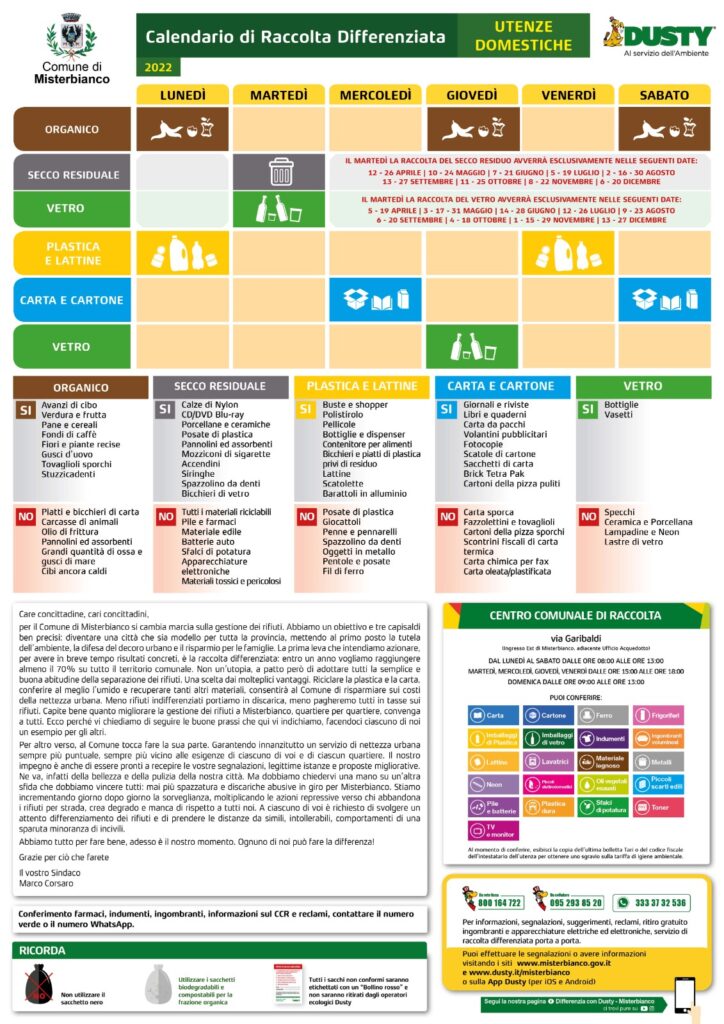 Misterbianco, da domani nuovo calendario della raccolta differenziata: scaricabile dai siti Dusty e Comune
* * *
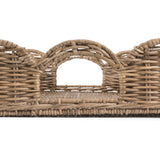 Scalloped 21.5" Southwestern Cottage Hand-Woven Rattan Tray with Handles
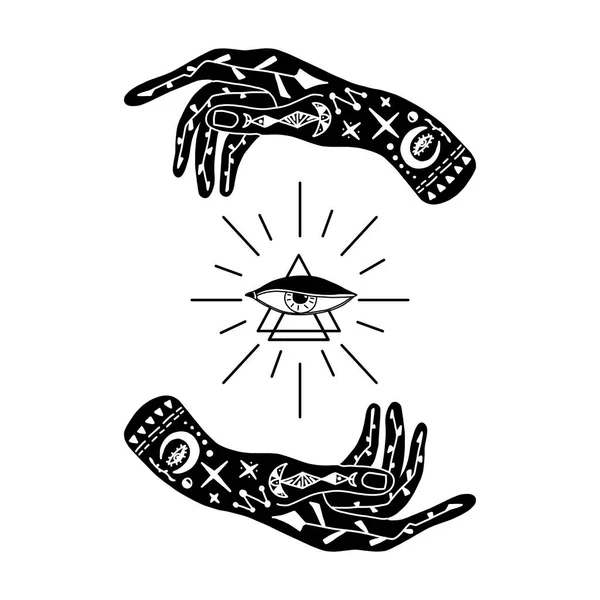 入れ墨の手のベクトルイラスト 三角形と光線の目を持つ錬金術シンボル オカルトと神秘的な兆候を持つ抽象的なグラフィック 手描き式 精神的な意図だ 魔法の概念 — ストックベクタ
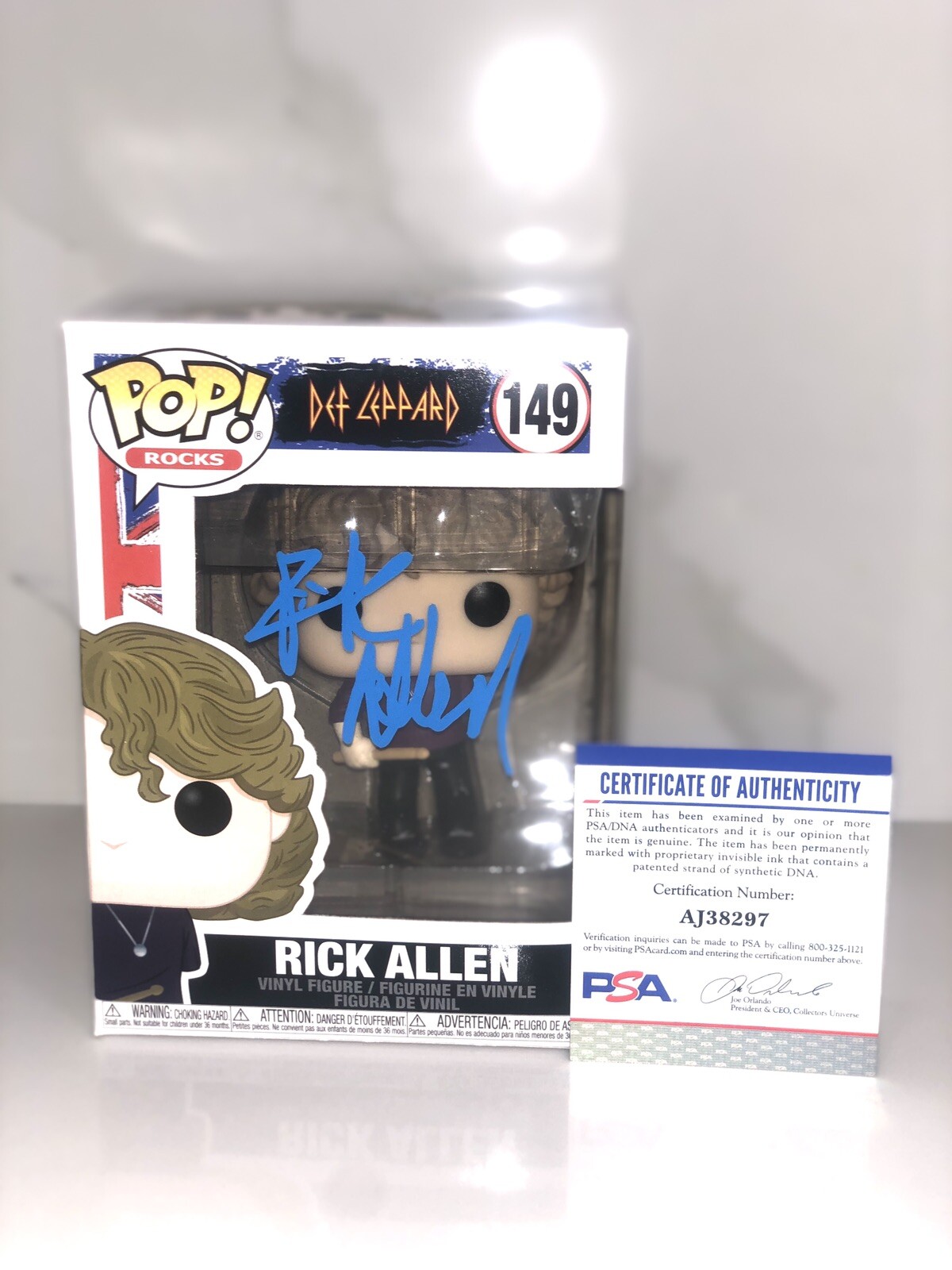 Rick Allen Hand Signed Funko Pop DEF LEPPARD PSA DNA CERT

#### What you need to do:
Reproduce exactly the lines above starting at the line containing "Tray with Handles" and ending at the line containing "Rick Allen Hand", including both, but not the pictures.

#### Written response:
 Scalloped 21.5" Southwestern Cottage Hand-Woven Rattan Tray with Handles
 入れ墨の手のベクトルイラスト 三角形と光線の目を持つ錬金術シンボル オカルトと神秘的な兆候を持つ抽象的なグラフィック 手描き式 精神的な意図だ 魔法の概念 — ストックベクタ
 Rick Allen Hand Signed Funko Pop DEF LEPPARD PSA DNA CERT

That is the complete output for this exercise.